Your task — Reproduce exactly, and only, the lines of the material below running from the line bearing "Vista 10 de" through the line bearing "Petit buffet blanc". Leave any pictures out.

Supplied records —

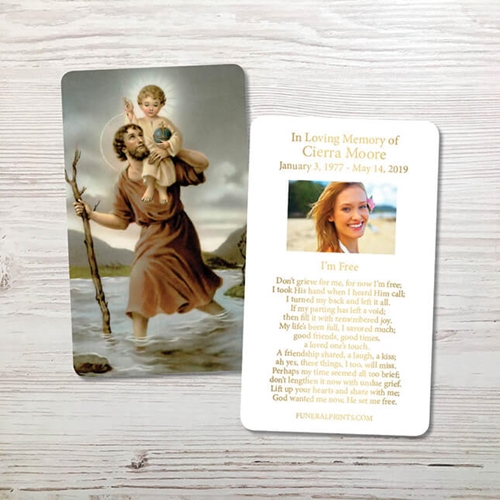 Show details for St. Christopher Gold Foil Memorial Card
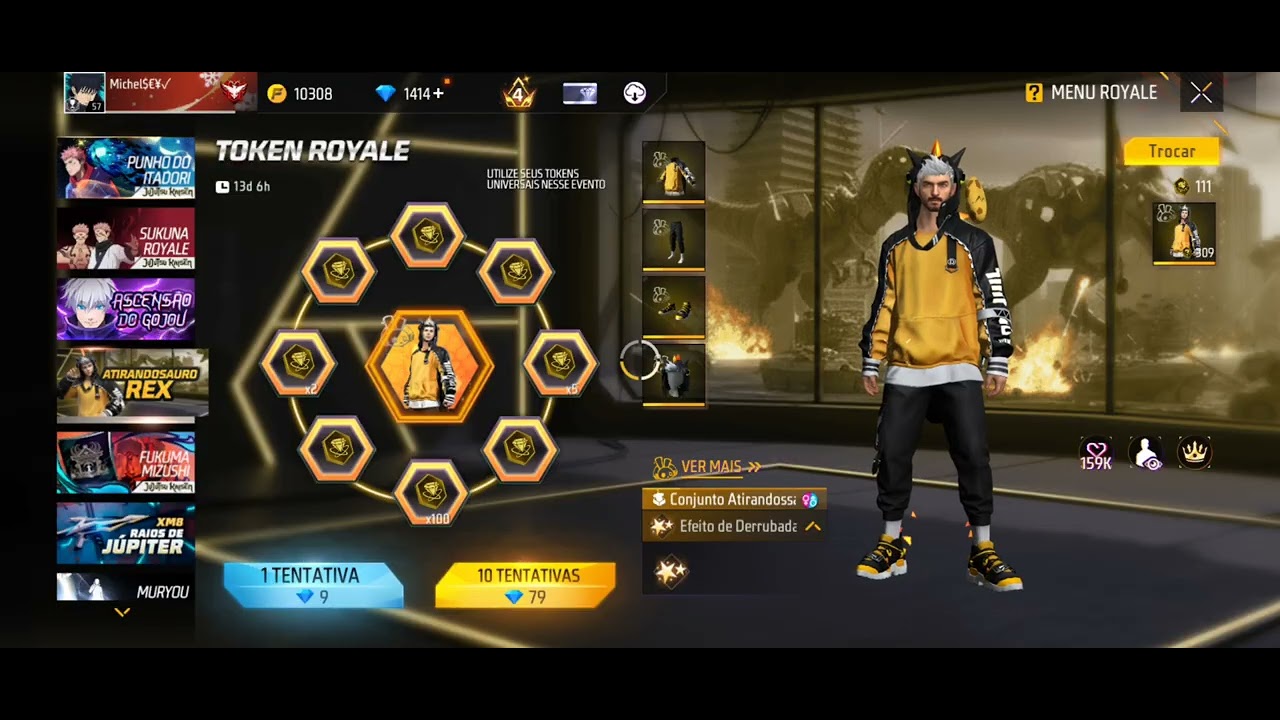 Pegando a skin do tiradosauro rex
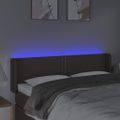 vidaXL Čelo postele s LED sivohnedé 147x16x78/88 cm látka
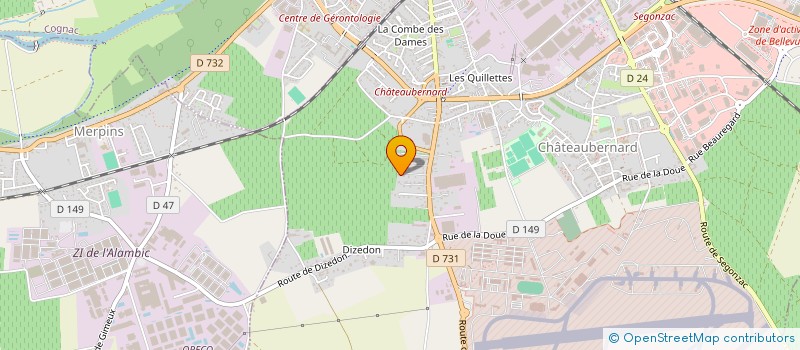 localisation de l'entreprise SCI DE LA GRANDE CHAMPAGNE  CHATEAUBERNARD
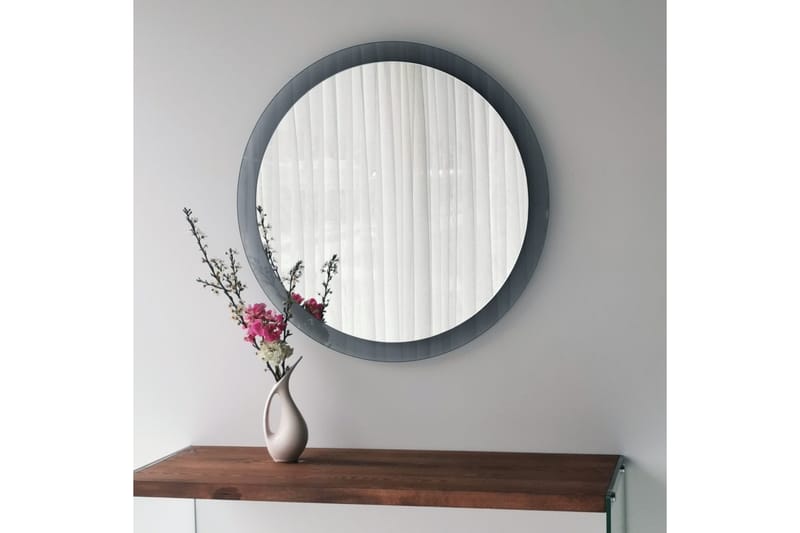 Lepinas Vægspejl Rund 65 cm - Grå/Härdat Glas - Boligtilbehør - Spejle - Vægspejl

...

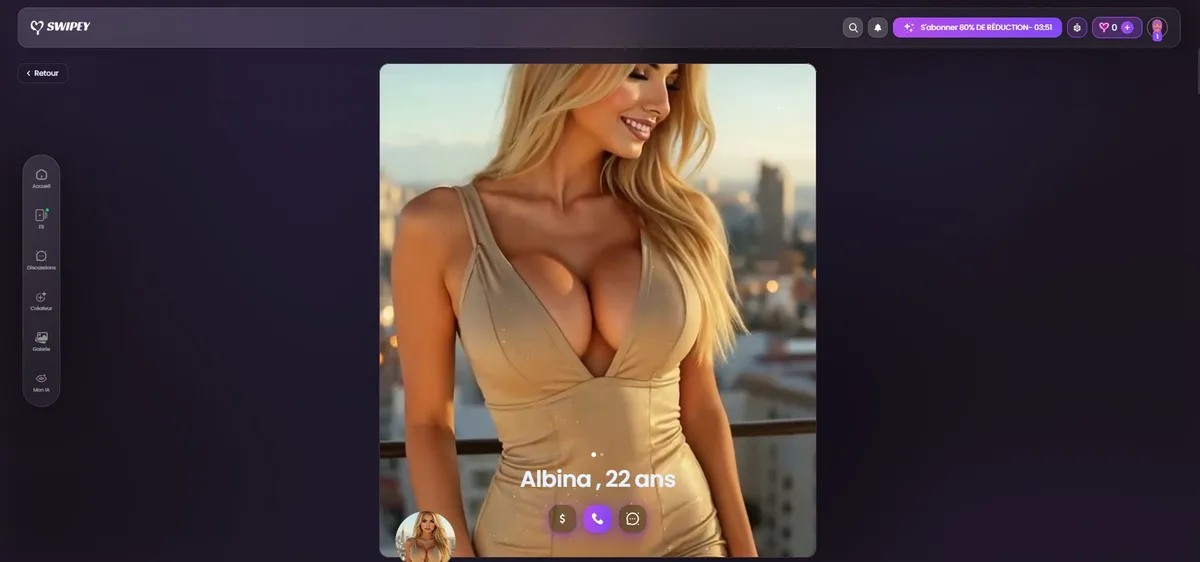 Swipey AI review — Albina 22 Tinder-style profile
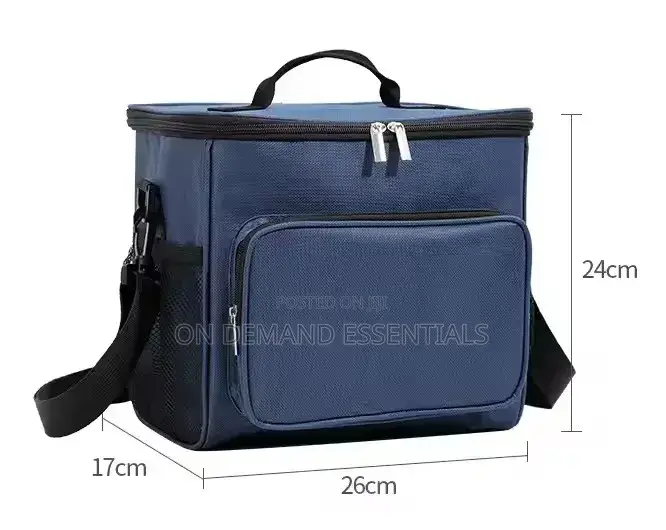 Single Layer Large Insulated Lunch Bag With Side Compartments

---

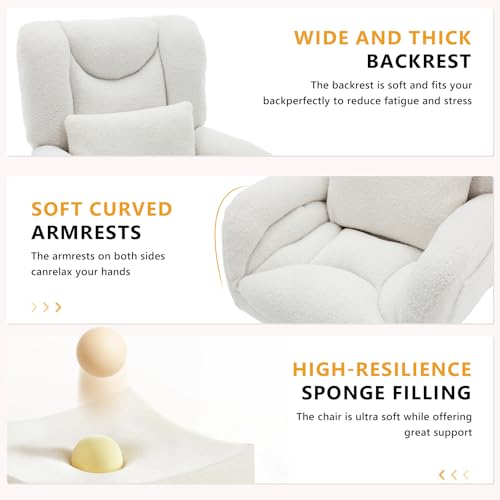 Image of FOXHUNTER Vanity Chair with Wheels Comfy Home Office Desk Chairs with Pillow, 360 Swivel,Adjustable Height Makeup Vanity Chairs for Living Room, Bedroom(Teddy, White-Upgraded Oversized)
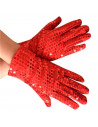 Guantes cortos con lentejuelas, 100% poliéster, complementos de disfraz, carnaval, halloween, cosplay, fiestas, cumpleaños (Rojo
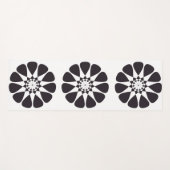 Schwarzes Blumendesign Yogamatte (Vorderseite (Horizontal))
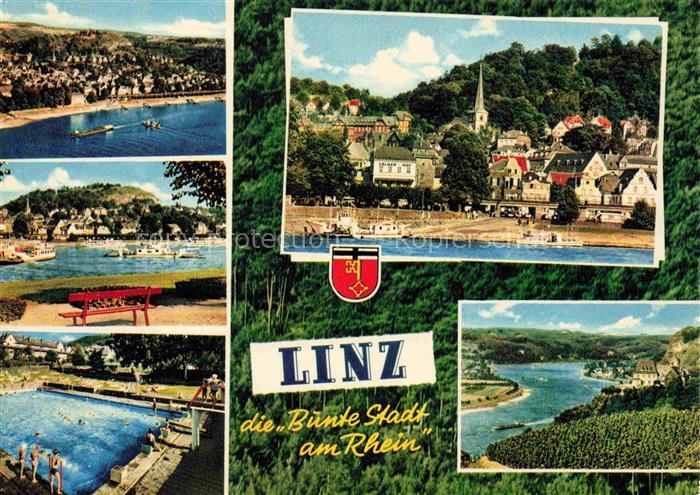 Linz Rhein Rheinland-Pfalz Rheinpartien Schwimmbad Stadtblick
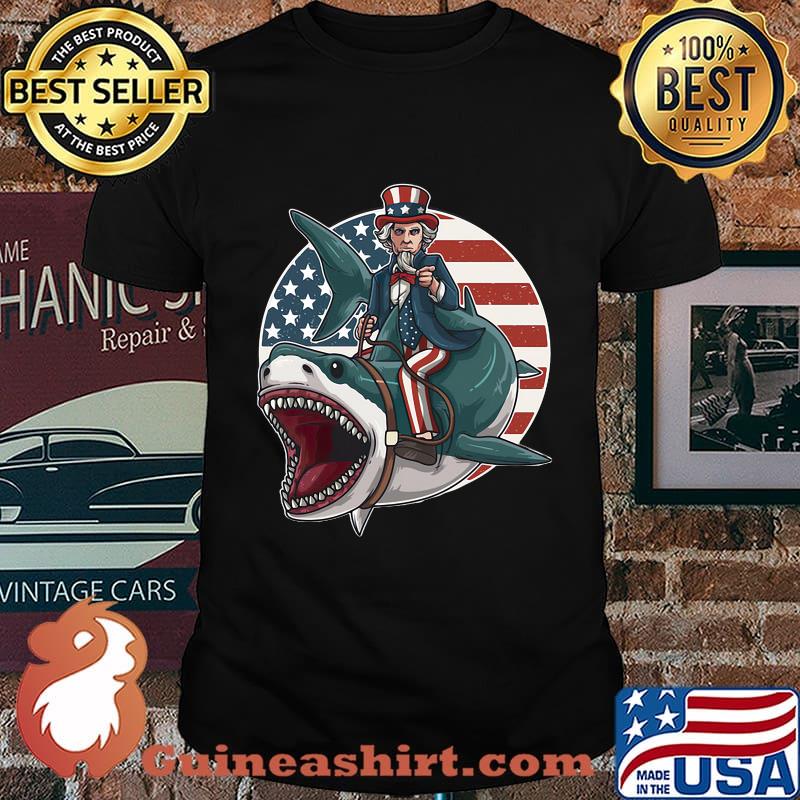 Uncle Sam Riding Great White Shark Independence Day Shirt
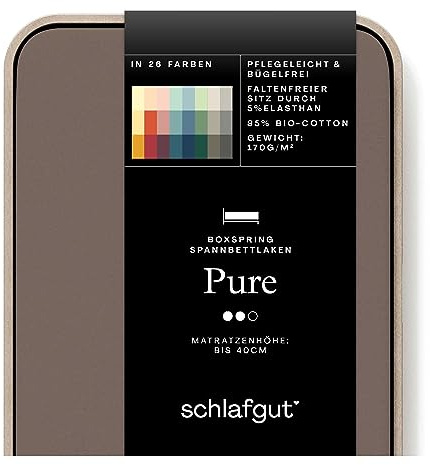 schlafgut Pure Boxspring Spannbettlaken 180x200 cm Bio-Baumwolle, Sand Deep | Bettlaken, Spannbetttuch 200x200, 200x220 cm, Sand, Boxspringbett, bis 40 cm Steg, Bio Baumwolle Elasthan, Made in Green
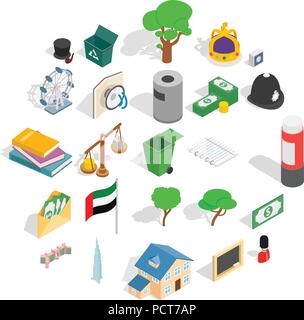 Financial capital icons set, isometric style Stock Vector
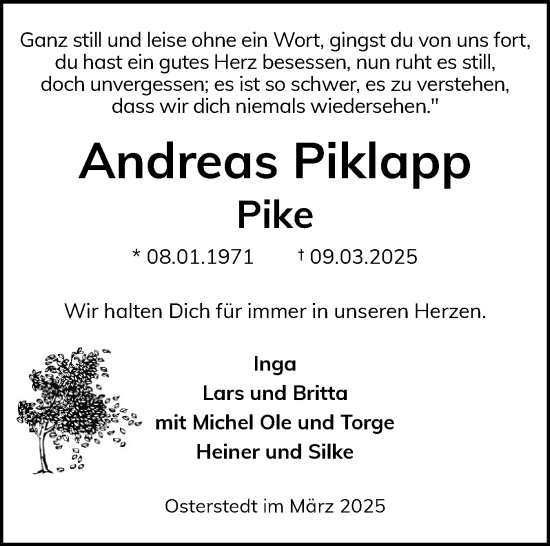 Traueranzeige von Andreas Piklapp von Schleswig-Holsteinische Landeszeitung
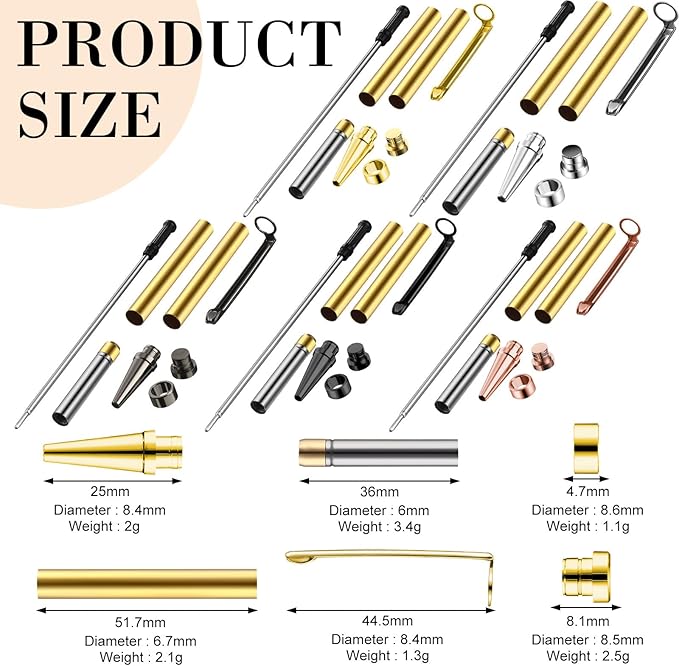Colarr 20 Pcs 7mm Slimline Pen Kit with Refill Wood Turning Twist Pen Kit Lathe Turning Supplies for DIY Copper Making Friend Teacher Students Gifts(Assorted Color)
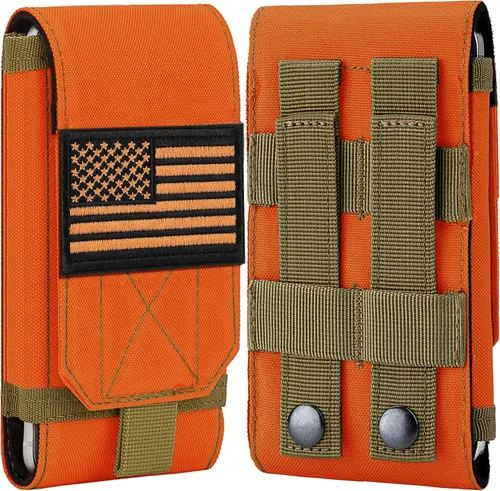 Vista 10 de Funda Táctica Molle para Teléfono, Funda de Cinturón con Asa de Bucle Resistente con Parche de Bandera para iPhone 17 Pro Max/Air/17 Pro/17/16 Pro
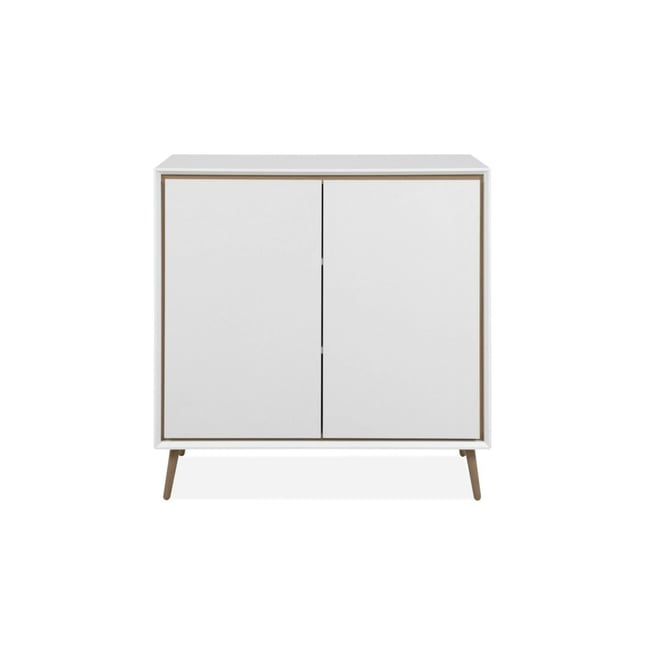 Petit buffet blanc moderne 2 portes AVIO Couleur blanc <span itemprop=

Response to this exercise —
 Vista 10 de Funda Táctica Molle para Teléfono, Funda de Cinturón con Asa de Bucle Resistente con Parche de Bandera para iPhone 17 Pro Max/Air/17 Pro/17/16 Pro
 Petit buffet blanc moderne 2 portes AVIO Couleur blanc <span itemprop=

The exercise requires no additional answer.